The Technology Commission voted Oct. 8 to sunset its standalone Public Surveillance working group and fold those responsibilities into the Artificial Intelligence working group, citing overlapping subject matter and a desire to focus staff and commissioner time.
Commissioner Steven Apodaca proposed the consolidation and moved to merge the groups. Commissioner Williams, who has led the surveillance work, said the overlap is growing: “I can see how those 2 things can exist. Also, it leaves space for the other concerns around, public surveillance slash AI, like facial recognition.”
Why it matters: commissioners and staff said artificial intelligence tools are increasingly applied to public surveillance use cases — from camera analytics to automated reporting by vehicle and infrastructure systems — so keeping the efforts aligned will reduce duplication and better position the commission to produce integrated recommendations.

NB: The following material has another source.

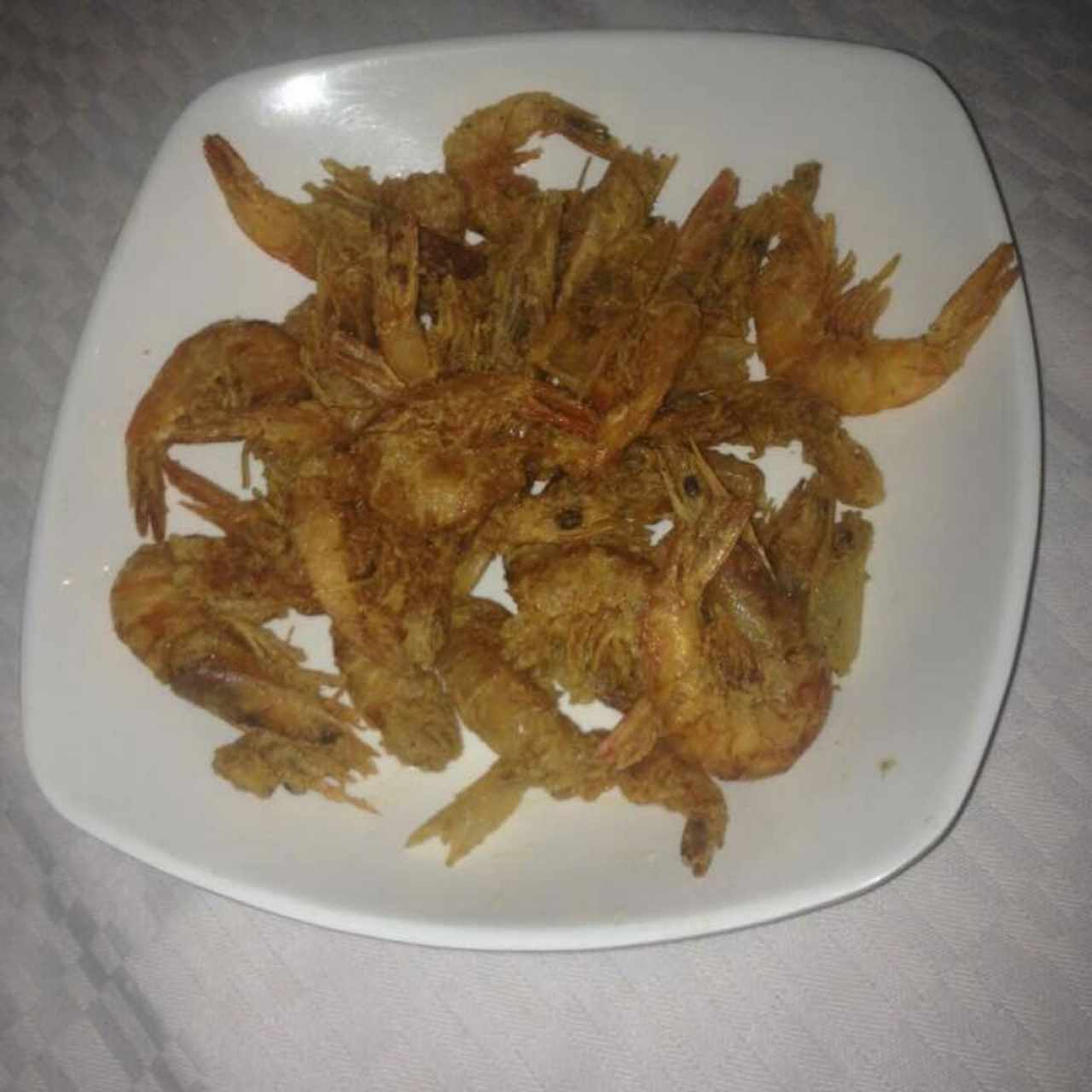 Camarones Crunch, muy buenos!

Commission discussion covered membership and quorum concerns for working groups and how to structure subgroups if needed. The commission clarified that working-group quorum rules still apply on a per‑meeting basis and that the merged group could form task-specific subgroups when appropriate.
The motion to modify the Artificial Intelligence working group to encompass public surveillance was seconded by Commissioner Williams and approved by voice vote without recorded opposition. Commissioners agreed to schedule an outreach meeting before Halloween to pull together interested members and begin drafting next recommendations.
What’s next: Williams said she will convene interested commissioners and seek materials from researchers and city staff, and commissioners reported they had already begun sharing the existing recommendation with council offices for possible policy consideration.